Though the past couple of days have been quite busy, Strong Poison is quite short. This is the first Wimsey-Vane book; Harriet Vane is a mystery novelist on trial for poisoning her former lover—doubly scandalous in 1930. Peter Wimsey has fallen in love at first sight, and, when the jury deadlocks, determines to solve the case and prove her innocent.
Of course Harriet, being in prison, doesn't get much screen time, though some of her personality comes through. But the real surprise in re-reading this is Peter, who is barely recognizable as the same person from Gaudy Night. Consider this passage, when Peter goes to propose both marriage and assistance to Harriet (in their first conversation):
"Oh, by the way—I don't positively repel you or anything like that, do I? Because, if I do, I'll take my name off the waiting-list at once."

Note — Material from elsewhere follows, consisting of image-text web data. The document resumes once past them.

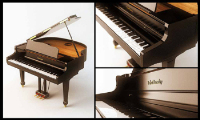 Arc playing type grand piano 3D models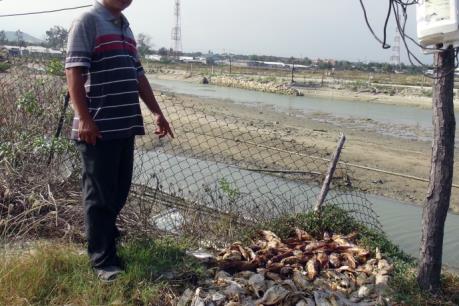Nhiều hải sản nuôi chết chưa rõ nguyên nhân ở Khánh Hòa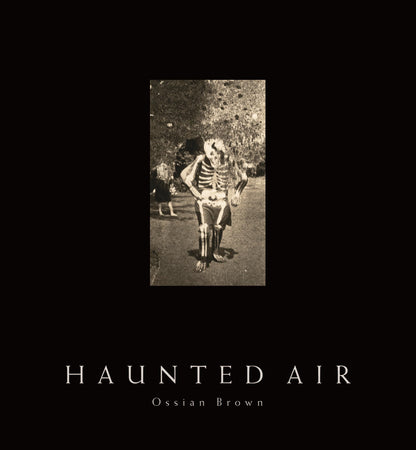 Haunted Air [Hardcover] Brown, Ossian; Lynch, David and Cox, Geoff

"No," said Harriet Vane, kindly and a little sadly. "No, you don't repel me."
"I don't remind you of white slugs or make you go gooseflesh all over?"
"I'm glad of that. Any minor alterations, like parting the old mane, or growing a tooth-brush, or cashiering the eye-glass, you know, I should be happy to undertake, if it suited your ideas."
"Don't," said Miss Vane, "please don't alter yourself in any particular."
"You really mean that?" Wimsey flushed a little. "I hope it doesn't mean that nothing I could do would make me even passable. . . . You—er—you'll think it over, won't you, if you have a minute to spare. There's no hurry. Only don't hesitate to say if you think you couldn't stick it at any price. I'm not trying to blackmail you into matrimony, you know. I mean, I should investigate this for the fun of the thing, whatever happened, you see. . . . Well, cheer-frightfully-ho and all that. And I'll call again, if I may."
"I will give the footman orders to admit you," said the prisoner, gravely; "you will always find me at home."
I mean, it's almost Miles Vorkosigian in full sexual panic mode, but with an English accent. (You might miss the full effect because I cut out some of the babbling, but the quote was feeling too long. [We take a very scientific approach to posting here at Outside of a Dog.])
Compare that to this passage from Gaudy Night, where Peter and Harriet meet on the street and decide to go for a drive to discuss the latest happenings in the Poison-Pen mystery:
"We'll dawdle along the lanes and have tea somewhere," he added, conventionally, as he handed her in.
"How original of you, Peter!"
"Isn't it?" They moved decorously down the crowded High Street. "There's something hypnotic about the word tea. I am asking you to enjoy the beauties of the English countryside, to tell me your adventures and hear mine, to plan a campaign involving the comfort and reputation of two hundred people, to honour me with your sole presence and bestow upon me the illusion of Paradise—and I speak as though the pre-eminent object of all desire were a pot of boiled water and a plateful of synthetic pastries in Ye Olde Worlde Tudor Tea-Shoppe."
Obviously someone easily intoxicated by words, but still capable of coherence—and I didn't even pick one of the more emotionally charged conversations, feeling obscurely that it would be unfair, the difference being so great.
I like the Peter of Gaudy Night far better.